AVAILABLE DATA »
========

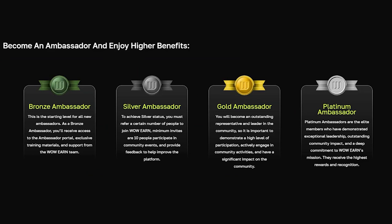Golden ambassador: you will become the best performer and leader in the community. You will have to meet certain criteria such as inviting more than 50 people, a high level of engagement, participating in social events, and having a significant impact on the community. Platinum ambassador: platinum ambassadors are elite participants who have demonstrated exceptional leadership qualities, outstanding influence on the community, and a deep commitment to the WowEarn mission.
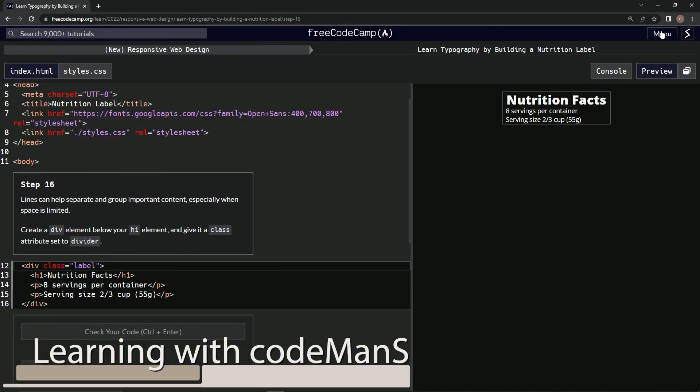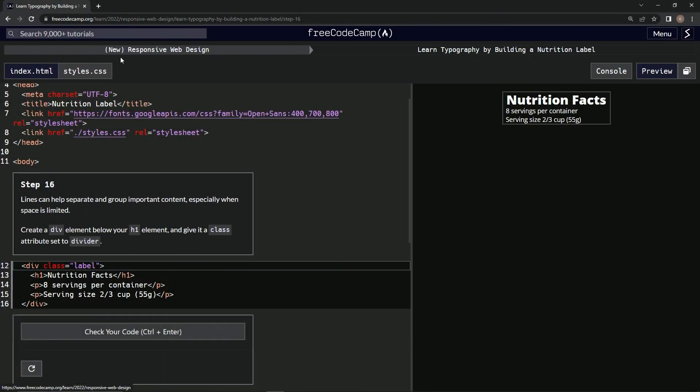Alright, now we're doing FreeCodeCamp's new responsive web design: Learn Typography by Building a Nutrition Label, step 16. Lines can help separate and group important content, especially when space is limited.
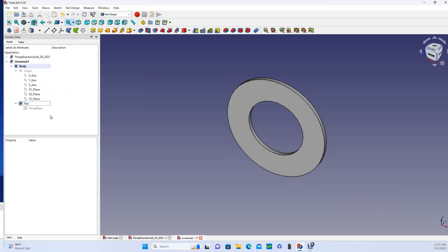And that's the basics of expressions. There's a lot more you can do with these, so visit the FreeCAD documentation page and look for more videos. I hope this was helpful.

========

BRIEF »
Only the text of the listing above is copied, exactly as written; its pictures are dropped.

RESPONSE »
Golden ambassador: you will become the best performer and leader in the community. You will have to meet certain criteria such as inviting more than 50 people, a high level of engagement, participating in social events, and having a significant impact on the community. Platinum ambassador: platinum ambassadors are elite participants who have demonstrated exceptional leadership qualities, outstanding influence on the community, and a deep commitment to the WowEarn mission.
Alright, now we're doing FreeCodeCamp's new responsive web design: Learn Typography by Building a Nutrition Label, step 16. Lines can help separate and group important content, especially when space is limited.
And that's the basics of expressions. There's a lot more you can do with these, so visit the FreeCAD documentation page and look for more videos. I hope this was helpful.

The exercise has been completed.